Since import.meta is only valid in an ES module, using js.import.meta requires to emit the Scala.js code as an ESModule. Failing to do so will result in a linking error such as

[error] Uses import.meta with a module kind other than ESModule
[error]   called from helloworld.HelloWorld$.main([java.lang.String)void
[error]   called from static helloworld.HelloWorld.main([java.lang.String)void
[error]   called from core module module initializers
[error] involving instantiated classes:
[error]   helloworld.HelloWorld$


New facades for the JavaScript standard library

The following definitions for ECMAScript 2021 library features were added:

  • js.WeakRef
  • js.FinalizationRegistry

Upgrade to JUnit 4.13.2

The Scala.js version of JUnit has been updated to match the API of JUnit 4.13.2. The most important change is the addition of org.junit.Assert.assertThrows.

New configuration for the target ECMAScript version

Until Scala.js 1.5.x, one could only choose between targeting ECMAScript 5.1 or ECMAScript 2015, based on the following setting:

scalaJSLinkerConfig ~= { _.withESFeatures(_.withUseECMAScript2015(false)) } // default true

It is now possible to choose any known ECMAScript version since 5.1, using the following setting:

scalaJSLinkerConfig ~= (_.withESFeatures(_.withESVersion(ESVersion.ES2018))) // default ES2015

Possible values are ES5_1 and ES2015 through ES2020. We will add further choices in the future, as new versions of ECMAScript are released.

The Scala.js linker and libraries may choose to optimize the resulting code, or offer more features, based on the target ECMAScript version.
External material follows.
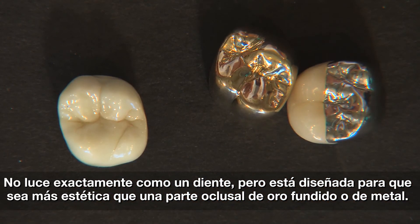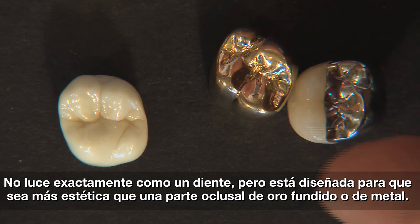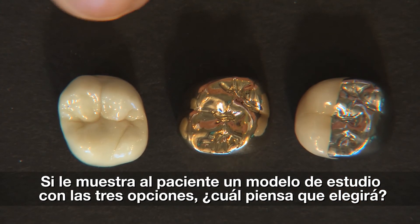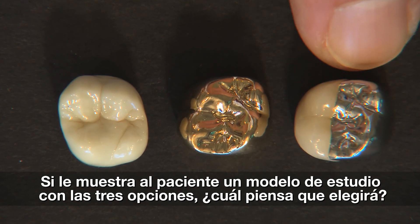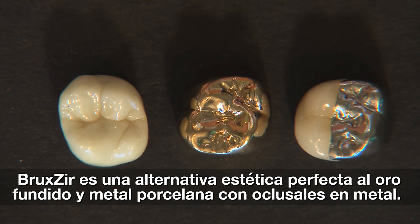Now, if you look at this, it doesn't necessarily look exactly like a tooth — and I'll show you some pictures in just a second of some Bruxer crowns in the mouth — but that's not the point. This crown was not designed to be an aesthetic crown. It was designed to be more aesthetic than cast gold and more aesthetic than a metal occlusal. And if you had a study model with these three crowns on it and told your patient they could have their choice, what do you think the chances are that they're going to take the Bruxer, even if it doesn't match the first molar in front of it perfectly? Bruxer's primary indication, in my mind, is when you want to place cast gold in a patient's mouth and the patient simply won't accept that. Bruxer is a fantastic restoration in cases like that.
As of Scala.js 1.6.0, choices greater than ES2015 are only used for optimizations.

Upgrade to GCC v20210406

We upgraded to the Google Closure Compiler v20210406.

Bug fixes

Among others, the following bugs have been fixed in 1.6.0:

  • #4466 1 ULP error when toFloat is called for some long values
  • #4499 FewestModules can result in filenames that are greater than 255 Characters

You can find the full list on GitHub.